### [Task objective]
Once you find the line with "Chiffon Cowl Back Detail Wedding Dress" in the entries below, return exactly every line from it through the line with "Extra hearing aid".

### [Brief descriptive captions]
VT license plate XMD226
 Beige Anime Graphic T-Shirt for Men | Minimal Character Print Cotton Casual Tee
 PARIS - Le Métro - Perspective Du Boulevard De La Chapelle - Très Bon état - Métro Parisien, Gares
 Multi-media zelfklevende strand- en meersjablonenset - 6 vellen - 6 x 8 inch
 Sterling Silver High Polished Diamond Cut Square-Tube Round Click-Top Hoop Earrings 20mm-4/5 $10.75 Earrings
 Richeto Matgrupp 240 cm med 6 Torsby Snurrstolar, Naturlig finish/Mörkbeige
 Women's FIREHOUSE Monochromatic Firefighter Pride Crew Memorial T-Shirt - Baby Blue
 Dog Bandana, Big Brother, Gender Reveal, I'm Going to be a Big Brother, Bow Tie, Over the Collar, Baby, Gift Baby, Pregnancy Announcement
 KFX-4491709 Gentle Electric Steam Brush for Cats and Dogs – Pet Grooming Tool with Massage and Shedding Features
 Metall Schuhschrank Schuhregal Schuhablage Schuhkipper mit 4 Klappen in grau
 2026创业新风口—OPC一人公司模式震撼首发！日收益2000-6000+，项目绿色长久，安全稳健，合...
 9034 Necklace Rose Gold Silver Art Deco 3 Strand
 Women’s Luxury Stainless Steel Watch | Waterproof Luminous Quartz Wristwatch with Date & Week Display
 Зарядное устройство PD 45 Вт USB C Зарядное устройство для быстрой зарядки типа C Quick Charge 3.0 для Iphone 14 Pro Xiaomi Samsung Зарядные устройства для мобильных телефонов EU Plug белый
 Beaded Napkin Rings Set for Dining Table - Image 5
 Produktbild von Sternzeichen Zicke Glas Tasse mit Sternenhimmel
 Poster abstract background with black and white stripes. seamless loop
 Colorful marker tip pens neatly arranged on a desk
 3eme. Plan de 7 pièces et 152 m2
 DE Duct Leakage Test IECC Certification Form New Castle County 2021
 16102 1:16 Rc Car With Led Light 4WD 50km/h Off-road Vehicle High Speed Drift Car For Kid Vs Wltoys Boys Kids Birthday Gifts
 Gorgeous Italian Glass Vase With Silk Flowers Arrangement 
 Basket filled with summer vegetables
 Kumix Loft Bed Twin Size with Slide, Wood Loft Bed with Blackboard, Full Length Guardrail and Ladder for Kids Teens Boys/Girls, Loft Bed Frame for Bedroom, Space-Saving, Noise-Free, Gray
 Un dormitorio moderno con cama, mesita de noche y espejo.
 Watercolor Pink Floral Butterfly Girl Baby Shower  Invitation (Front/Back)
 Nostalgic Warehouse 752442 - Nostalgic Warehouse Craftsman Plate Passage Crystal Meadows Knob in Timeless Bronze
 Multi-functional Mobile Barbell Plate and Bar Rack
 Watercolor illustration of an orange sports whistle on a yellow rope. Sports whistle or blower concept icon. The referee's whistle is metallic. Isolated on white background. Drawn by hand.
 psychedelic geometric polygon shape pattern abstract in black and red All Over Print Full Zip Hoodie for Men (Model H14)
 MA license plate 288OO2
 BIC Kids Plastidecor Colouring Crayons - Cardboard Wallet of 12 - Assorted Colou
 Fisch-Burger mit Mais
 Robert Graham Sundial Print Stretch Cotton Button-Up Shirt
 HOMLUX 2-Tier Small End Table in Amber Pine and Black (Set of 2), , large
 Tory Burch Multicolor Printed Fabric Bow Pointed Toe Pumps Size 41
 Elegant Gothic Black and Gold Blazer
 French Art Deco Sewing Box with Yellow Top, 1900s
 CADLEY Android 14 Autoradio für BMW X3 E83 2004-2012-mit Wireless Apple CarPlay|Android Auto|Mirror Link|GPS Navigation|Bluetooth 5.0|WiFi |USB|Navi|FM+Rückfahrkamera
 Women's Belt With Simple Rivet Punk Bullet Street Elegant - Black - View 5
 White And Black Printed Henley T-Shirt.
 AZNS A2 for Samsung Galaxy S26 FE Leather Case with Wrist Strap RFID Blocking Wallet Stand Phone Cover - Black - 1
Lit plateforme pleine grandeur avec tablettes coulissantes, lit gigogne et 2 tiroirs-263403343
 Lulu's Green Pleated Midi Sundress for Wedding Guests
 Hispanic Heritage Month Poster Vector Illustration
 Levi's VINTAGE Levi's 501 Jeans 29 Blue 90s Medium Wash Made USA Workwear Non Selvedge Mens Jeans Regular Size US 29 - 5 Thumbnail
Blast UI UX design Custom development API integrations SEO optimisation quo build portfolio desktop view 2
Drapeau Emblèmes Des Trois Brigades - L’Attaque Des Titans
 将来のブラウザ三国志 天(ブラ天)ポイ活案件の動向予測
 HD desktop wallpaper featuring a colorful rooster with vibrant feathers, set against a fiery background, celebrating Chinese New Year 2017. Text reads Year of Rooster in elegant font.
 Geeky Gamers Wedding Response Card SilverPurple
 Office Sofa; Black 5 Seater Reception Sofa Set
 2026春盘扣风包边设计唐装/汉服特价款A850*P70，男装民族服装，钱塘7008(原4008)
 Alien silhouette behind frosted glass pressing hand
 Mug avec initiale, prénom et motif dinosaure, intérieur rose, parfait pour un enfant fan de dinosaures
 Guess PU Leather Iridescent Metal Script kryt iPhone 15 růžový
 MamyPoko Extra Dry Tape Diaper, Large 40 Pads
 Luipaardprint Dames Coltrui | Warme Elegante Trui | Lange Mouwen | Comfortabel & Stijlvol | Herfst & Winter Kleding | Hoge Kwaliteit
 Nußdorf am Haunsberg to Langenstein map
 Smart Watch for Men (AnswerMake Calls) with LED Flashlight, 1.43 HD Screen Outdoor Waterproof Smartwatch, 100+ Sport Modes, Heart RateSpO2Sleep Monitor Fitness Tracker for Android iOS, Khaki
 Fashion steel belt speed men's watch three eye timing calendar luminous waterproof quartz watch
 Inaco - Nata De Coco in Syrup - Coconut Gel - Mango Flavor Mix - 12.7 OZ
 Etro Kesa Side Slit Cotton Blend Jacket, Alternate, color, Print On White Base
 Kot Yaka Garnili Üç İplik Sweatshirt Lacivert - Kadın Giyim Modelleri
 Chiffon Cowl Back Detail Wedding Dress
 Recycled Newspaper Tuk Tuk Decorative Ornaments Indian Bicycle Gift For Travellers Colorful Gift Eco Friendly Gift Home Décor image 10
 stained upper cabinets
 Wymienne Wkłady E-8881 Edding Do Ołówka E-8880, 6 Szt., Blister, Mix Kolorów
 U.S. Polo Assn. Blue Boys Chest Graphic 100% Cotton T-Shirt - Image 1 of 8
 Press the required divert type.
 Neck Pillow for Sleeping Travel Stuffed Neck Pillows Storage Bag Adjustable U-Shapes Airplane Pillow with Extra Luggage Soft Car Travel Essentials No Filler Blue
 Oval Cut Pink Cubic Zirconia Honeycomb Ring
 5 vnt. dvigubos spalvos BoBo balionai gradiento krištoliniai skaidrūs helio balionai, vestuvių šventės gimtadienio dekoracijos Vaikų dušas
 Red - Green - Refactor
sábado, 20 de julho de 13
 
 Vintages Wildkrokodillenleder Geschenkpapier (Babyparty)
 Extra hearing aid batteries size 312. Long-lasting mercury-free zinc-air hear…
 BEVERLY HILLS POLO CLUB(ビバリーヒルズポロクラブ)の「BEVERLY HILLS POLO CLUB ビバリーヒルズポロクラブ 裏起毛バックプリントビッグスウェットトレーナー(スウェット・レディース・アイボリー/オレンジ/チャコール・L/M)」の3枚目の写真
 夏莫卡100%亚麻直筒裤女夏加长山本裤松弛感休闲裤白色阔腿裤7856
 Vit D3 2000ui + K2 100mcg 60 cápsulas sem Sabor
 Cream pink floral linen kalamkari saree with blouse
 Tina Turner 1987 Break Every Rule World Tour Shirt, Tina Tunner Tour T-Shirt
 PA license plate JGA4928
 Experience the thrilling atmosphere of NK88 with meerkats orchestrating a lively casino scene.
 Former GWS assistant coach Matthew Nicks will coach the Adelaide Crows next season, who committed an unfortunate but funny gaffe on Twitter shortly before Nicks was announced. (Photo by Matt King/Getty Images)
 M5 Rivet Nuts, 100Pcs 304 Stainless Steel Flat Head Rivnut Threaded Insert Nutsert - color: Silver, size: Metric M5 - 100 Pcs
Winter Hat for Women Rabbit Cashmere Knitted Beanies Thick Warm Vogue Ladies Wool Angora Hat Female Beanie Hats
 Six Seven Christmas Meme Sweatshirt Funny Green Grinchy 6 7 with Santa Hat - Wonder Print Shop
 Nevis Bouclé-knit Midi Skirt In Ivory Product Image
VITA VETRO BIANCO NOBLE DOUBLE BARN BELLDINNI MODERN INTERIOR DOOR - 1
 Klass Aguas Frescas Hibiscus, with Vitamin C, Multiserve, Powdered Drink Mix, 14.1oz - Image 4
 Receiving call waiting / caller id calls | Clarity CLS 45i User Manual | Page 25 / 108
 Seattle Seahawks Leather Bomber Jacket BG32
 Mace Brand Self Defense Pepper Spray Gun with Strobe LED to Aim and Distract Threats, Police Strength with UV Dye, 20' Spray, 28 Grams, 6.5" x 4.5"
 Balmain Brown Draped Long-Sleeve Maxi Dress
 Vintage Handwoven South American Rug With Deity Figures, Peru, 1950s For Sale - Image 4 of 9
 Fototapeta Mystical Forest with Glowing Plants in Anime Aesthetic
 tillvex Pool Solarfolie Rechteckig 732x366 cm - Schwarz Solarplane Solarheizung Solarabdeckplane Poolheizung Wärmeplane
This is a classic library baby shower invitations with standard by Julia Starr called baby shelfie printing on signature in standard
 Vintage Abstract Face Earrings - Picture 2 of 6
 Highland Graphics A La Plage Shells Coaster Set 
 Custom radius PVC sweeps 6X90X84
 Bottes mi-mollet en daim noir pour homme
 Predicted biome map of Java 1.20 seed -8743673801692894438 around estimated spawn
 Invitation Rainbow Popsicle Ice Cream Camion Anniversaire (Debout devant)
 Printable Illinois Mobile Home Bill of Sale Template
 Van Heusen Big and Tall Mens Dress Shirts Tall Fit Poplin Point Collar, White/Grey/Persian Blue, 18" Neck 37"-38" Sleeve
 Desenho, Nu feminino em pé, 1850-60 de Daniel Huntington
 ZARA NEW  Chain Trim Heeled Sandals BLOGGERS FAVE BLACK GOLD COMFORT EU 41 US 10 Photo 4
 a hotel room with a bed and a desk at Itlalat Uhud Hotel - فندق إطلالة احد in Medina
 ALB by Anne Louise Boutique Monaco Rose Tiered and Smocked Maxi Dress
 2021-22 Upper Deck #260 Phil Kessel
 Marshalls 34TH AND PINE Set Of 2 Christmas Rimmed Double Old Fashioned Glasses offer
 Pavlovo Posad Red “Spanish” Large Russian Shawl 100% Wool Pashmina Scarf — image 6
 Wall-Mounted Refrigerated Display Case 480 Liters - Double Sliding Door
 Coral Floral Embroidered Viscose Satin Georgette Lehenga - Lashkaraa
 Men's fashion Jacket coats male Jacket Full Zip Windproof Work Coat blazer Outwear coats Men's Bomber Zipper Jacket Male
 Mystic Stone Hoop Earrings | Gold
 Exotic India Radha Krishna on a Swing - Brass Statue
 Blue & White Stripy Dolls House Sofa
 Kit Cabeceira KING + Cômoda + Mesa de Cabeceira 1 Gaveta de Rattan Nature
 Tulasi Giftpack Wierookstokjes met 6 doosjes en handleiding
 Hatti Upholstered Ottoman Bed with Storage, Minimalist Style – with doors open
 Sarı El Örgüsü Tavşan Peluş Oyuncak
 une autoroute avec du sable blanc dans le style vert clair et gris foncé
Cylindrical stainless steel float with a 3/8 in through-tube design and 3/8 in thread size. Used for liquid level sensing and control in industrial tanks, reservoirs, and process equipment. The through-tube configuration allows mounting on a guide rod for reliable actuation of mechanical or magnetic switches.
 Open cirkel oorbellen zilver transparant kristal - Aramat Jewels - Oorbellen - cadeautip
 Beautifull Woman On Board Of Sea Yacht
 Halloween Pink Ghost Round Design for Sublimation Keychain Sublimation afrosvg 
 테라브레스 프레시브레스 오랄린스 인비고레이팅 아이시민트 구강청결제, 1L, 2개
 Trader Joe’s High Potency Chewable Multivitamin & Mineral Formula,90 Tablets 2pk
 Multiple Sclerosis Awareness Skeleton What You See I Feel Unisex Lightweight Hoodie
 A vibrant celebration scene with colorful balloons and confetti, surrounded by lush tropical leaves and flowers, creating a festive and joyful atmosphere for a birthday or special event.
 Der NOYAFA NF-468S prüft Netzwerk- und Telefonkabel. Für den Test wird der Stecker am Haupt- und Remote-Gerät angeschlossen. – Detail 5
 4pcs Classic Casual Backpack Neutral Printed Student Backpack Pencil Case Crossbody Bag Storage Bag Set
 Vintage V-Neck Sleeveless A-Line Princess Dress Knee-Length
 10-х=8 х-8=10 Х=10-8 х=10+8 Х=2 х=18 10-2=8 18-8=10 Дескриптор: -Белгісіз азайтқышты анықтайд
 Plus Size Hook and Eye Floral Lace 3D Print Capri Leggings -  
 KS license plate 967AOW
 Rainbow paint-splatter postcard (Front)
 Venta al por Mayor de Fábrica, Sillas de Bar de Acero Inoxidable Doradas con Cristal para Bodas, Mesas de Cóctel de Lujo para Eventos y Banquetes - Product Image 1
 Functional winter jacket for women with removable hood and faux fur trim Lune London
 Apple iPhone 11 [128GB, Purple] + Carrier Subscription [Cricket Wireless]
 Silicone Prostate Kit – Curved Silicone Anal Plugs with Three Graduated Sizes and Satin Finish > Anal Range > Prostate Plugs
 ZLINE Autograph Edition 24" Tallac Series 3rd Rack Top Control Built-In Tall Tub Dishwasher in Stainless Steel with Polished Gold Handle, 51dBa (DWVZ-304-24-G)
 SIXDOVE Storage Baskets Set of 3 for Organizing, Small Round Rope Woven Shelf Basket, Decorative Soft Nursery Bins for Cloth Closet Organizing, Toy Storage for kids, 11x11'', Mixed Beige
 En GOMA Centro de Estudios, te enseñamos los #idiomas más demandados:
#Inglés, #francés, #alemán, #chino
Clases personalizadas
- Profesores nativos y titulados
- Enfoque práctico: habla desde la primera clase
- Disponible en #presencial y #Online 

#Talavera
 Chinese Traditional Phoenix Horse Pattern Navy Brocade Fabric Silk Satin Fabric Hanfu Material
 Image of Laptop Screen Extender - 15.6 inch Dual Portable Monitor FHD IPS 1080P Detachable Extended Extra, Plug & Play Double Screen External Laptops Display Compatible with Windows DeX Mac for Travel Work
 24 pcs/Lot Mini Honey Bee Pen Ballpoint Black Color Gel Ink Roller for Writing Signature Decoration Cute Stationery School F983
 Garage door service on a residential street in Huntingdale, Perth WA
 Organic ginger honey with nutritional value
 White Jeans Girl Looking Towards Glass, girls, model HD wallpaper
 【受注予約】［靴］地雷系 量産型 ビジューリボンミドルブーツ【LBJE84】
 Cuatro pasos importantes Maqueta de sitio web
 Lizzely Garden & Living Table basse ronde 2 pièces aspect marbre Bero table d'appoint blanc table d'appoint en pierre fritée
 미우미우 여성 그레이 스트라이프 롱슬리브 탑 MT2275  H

### [Written solution]
 Chiffon Cowl Back Detail Wedding Dress
 Recycled Newspaper Tuk Tuk Decorative Ornaments Indian Bicycle Gift For Travellers Colorful Gift Eco Friendly Gift Home Décor image 10
 stained upper cabinets
 Wymienne Wkłady E-8881 Edding Do Ołówka E-8880, 6 Szt., Blister, Mix Kolorów
 U.S. Polo Assn. Blue Boys Chest Graphic 100% Cotton T-Shirt - Image 1 of 8
 Press the required divert type.
 Neck Pillow for Sleeping Travel Stuffed Neck Pillows Storage Bag Adjustable U-Shapes Airplane Pillow with Extra Luggage Soft Car Travel Essentials No Filler Blue
 Oval Cut Pink Cubic Zirconia Honeycomb Ring
 5 vnt. dvigubos spalvos BoBo balionai gradiento krištoliniai skaidrūs helio balionai, vestuvių šventės gimtadienio dekoracijos Vaikų dušas
 Red - Green - Refactor
sábado, 20 de julho de 13
 
 Vintages Wildkrokodillenleder Geschenkpapier (Babyparty)
 Extra hearing aid batteries size 312. Long-lasting mercury-free zinc-air hear…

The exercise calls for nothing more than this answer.